*** Block opens ***

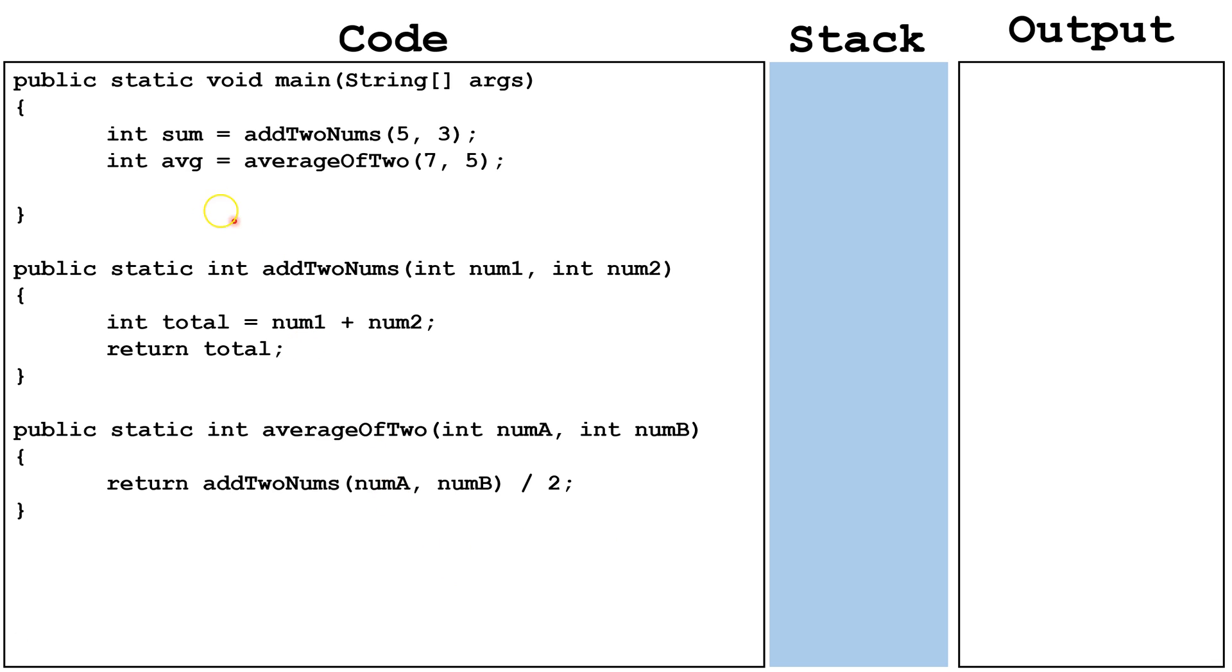Next, I'm going to create a variable in the main method, avg, and set it equal to a call of the method average of two with the two arguments seven and five.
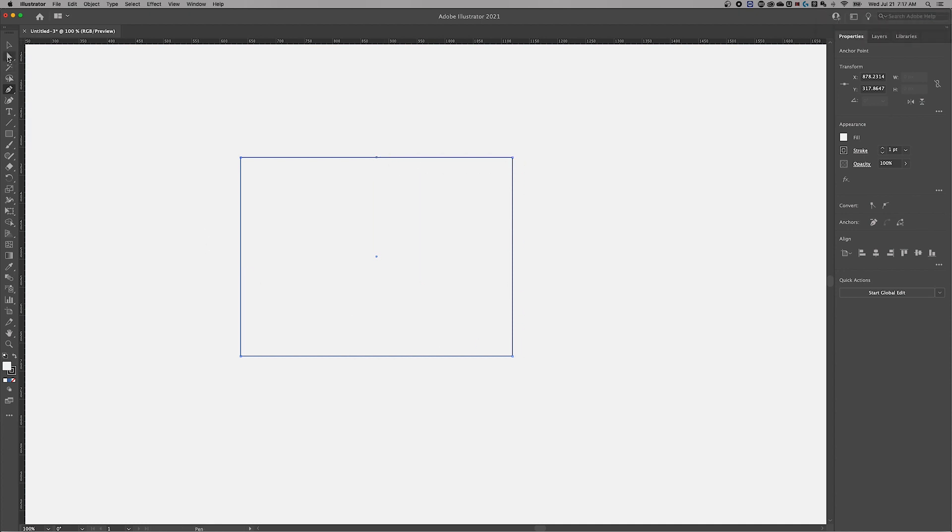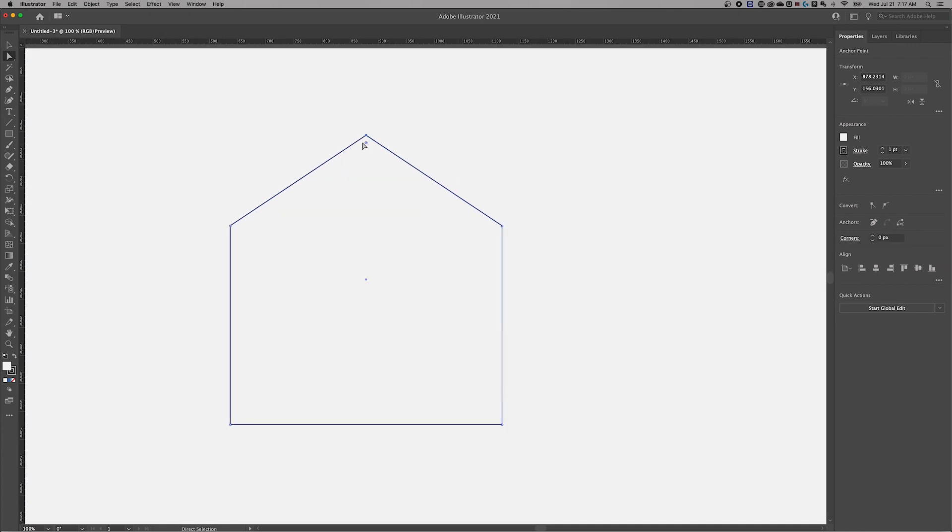So now if I want to manipulate that anchor point, I would go to the direct selection tool, select that anchor point, and I could just drag it up. Now I've created like a little house shape out of this rectangle.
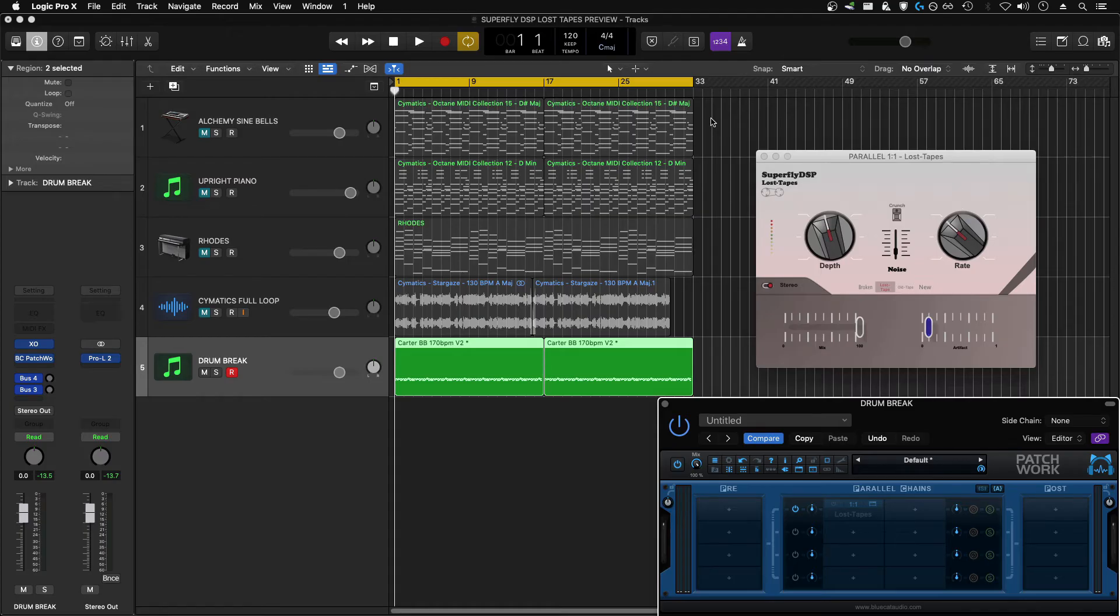The last sound source I have here is a drum break I made in XLN Audio XO. Let's see what it sounds like with Lost Tapes on it.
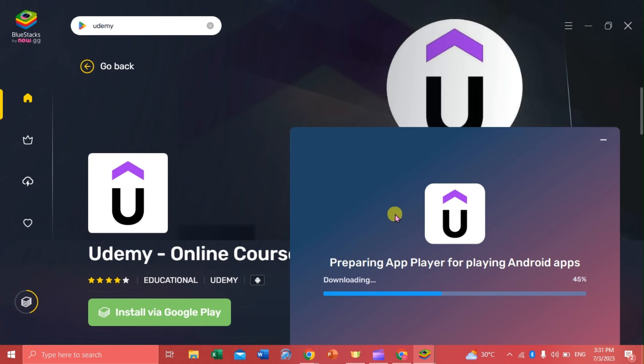And there we go — that's how we download Udemy on our laptop. If you have questions, please don't hesitate to write them below, and I will see you guys next time. Bye!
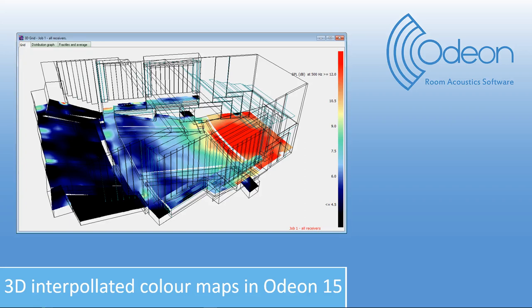Hi, this is Klaus Lünge from ODEON. In this video, I will shortly introduce the 3D interpolated color map in ODEON 15, which is an improvement to the 3D grid in ODEON. Let's have a look into ODEON.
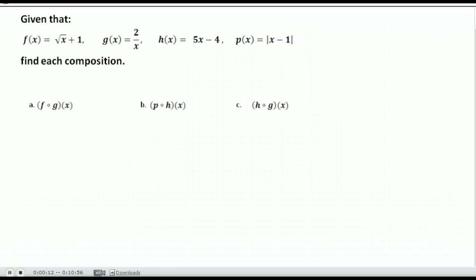Here is a lesson on finding composition of functions when you are given different functions to use as equations. Notice these different symbols — this little 'o' looking thing means the composition of, and we read that as f of g. What it tells us to do is take the function f and plug in the function g of x.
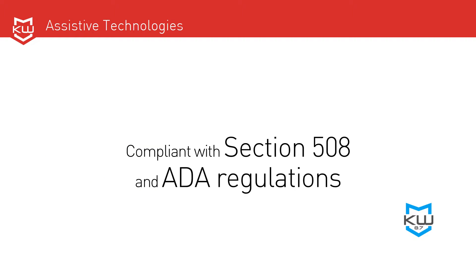These features combine to help make your kiosk compliant with Section 508 and ADA regulations. While KeyWare supports these assistive technology applications, they must be purchased separately.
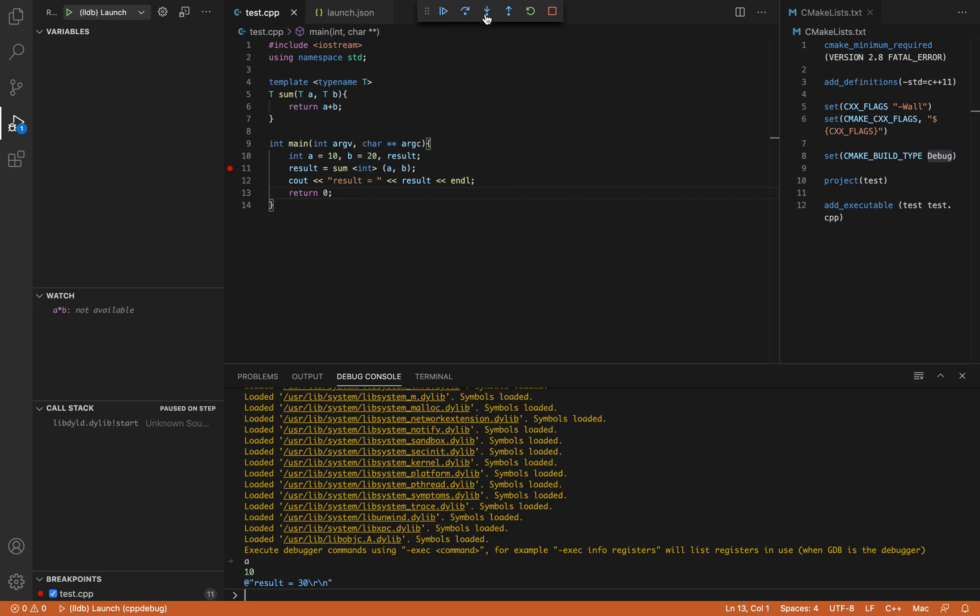So I have shown you how you can use Visual Studio Code to build your applications written in C++ using the build tool CMake. And then how you can debug it using the C++ extension library.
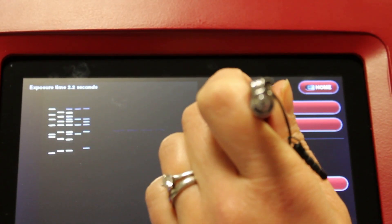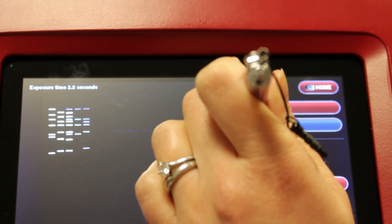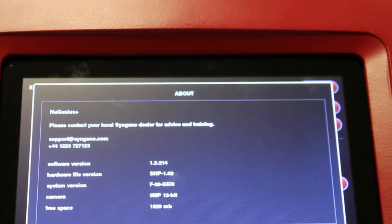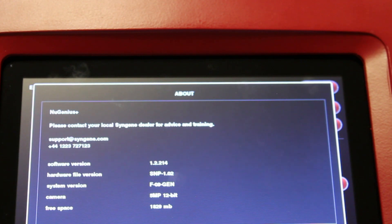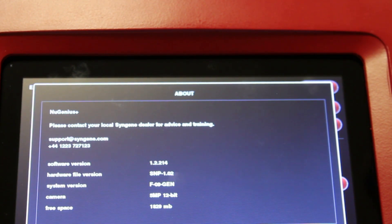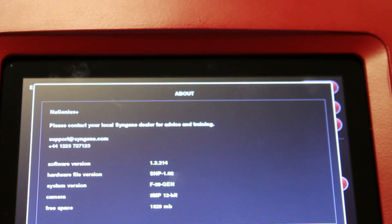The about button contains useful information about what software version you are currently using, and also how to contact Syngene if you have any support issues.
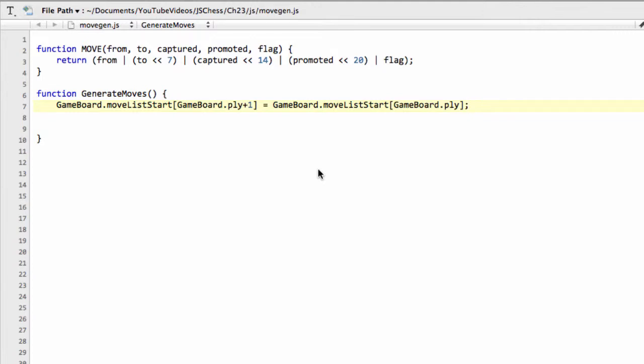Hello and welcome to the 23rd video in this series, Program with Chess Engine GUI in JavaScript. Before I start this video, just an apology.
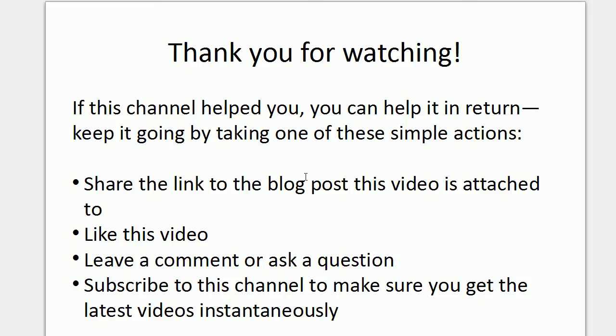That's it. Thank you for watching and please help this video channel by sharing a link to the blog post it is attached to. This link is mentioned in the comments below.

*** Block closes ***

§ **YOUR ASSIGNMENT**
Starting at the first line of the material, output exactly the lines up to and including the one with "The last sound". Do not include the pictures.

§ **ANSWER TO THE EXERCISE**
Next, I'm going to create a variable in the main method, avg, and set it equal to a call of the method average of two with the two arguments seven and five.
So now if I want to manipulate that anchor point, I would go to the direct selection tool, select that anchor point, and I could just drag it up. Now I've created like a little house shape out of this rectangle.
The last sound source I have here is a drum break I made in XLN Audio XO. Let's see what it sounds like with Lost Tapes on it.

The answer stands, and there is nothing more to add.